What does this have to do with Dhrystone?

>	a) A bunch of Motorola people have been working hard along with the
>	rest of the SPECers to get better benchmarks, and have started getting
>	good compiler gains by analyzing real programs.
>	Talking about Dhrystone is a step backwards...

As has been discovered Dhrystones are an excellent way to find out how fast 
string operations go and to what extent C compilers incoporate them in-line. 
And the 1.1 version, since it is essentially a big NOP, can go a long way 
towards indicating how good a compiler is at removing dead code.

The Dhrystone benchmarks have known weaknesses. The SPEC benchmarks have their 
own. Many people are interested in Dhrystone so it gets talked about. If you
don't care for discussions on Dhrystone then simply ignore them.

>	b) In this newsgroup has been discussed many times why one has to
>	be careful with Dhrystone ratings.  Also, I quote from the author's
>	directions:
>"In any case, for serious performance evaluation, users are  advised  to
>ask  for  code listings and to check them carefully."

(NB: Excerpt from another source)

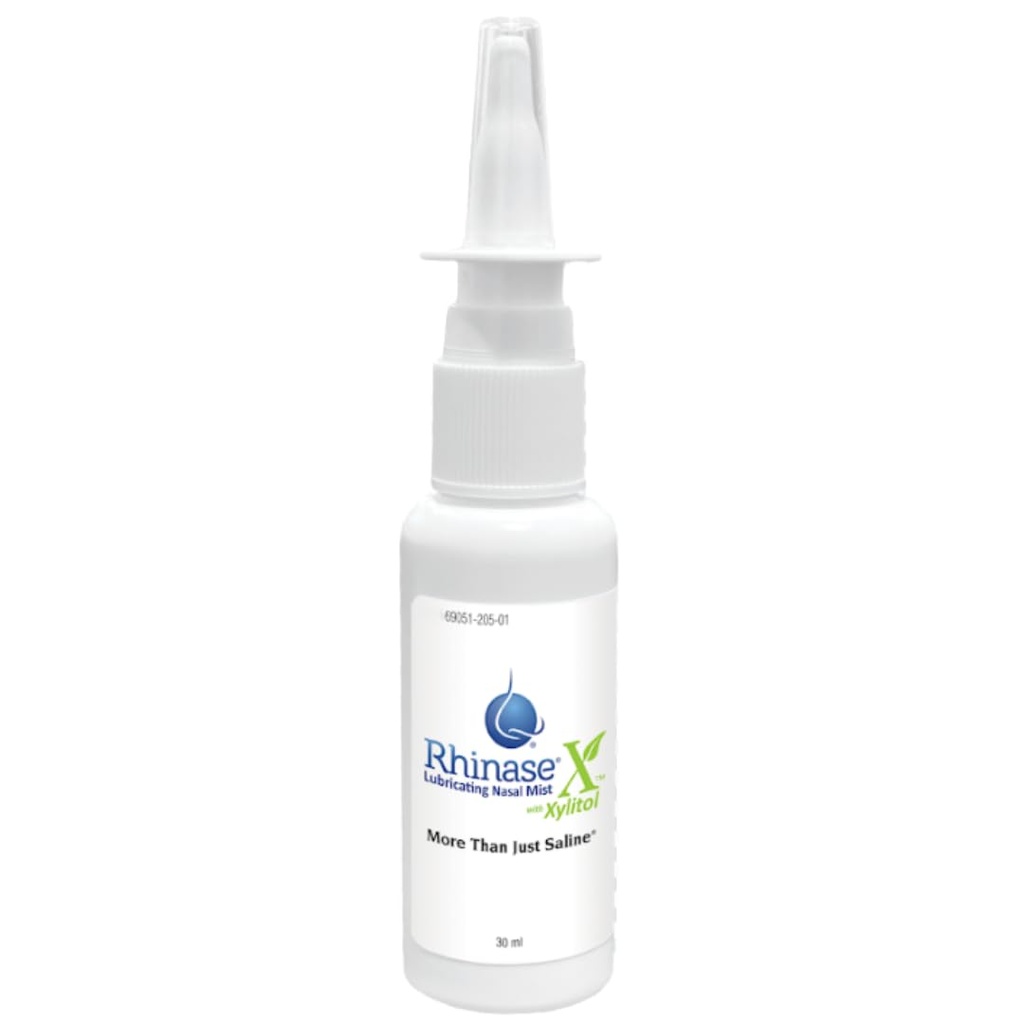 Rhinase X Mazání Nasal Mist Spray s xylitolem 124; Dlouhé přetrvávající příznaky úlevy od Nasal Sucho 124; Méně Nosnost, Itchiness, Nasal kapání a zácpa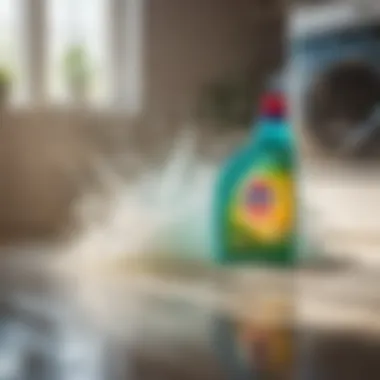 Impact on Household Cleanliness Impact of Meyers Basil detergent on household cleanliness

This true for ALL benchmarks. Do you think it only applies to Dhrystone?
Do you think it does not apply to the SPEC benchmarks? I know I wouldn't
be choosing a computer architecture without looking at code the compiler
produces.

>	EVERYBODY knows that inlining strcpy&strcmp can boost the number
>	strongly without giving anything like that boost on real programs.
>	SO POST THE CODE WHERE THE CRUCIAL STRCPY/STRCMP calls are made;
>	otherwise, the number is simply meaningless, because anybody can
>	boost the performance substantially on Dhrystone by an optimization
>	that has relatively little effect on real programs.

I fail to understand your tone here. By your own admission in a posting
you did to this newsgroup on March 15, 1989:

 "Now, according to the letter or the law of Herr Doktor Weicker's 
  Dhrystone 2.1 writeup, it's OK to in-line strcpy and strcmp.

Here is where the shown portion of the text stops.